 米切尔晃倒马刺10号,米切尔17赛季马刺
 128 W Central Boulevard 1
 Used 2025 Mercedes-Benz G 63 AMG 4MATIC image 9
----
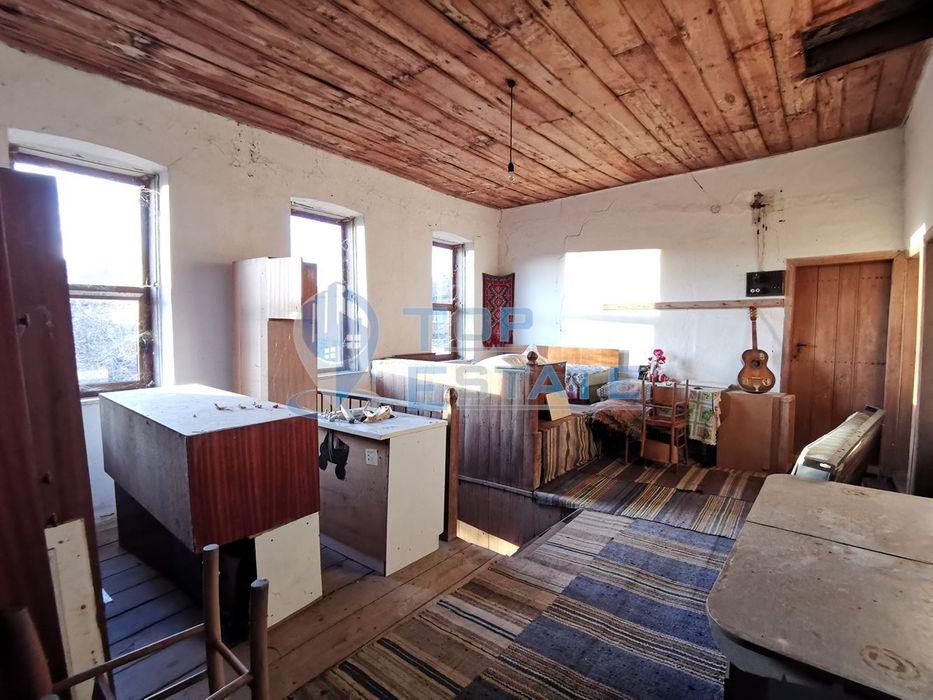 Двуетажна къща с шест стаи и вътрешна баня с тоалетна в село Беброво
----
| To do |
Go through the listing above and write out exactly the lines starting with the one holding "128 W Central Boulevard 1" and running through the one holding "Used 2025 Mercedes-Benz", ends included, and no others.

| Written response |
 128 W Central Boulevard 1
 Used 2025 Mercedes-Benz G 63 AMG 4MATIC image 9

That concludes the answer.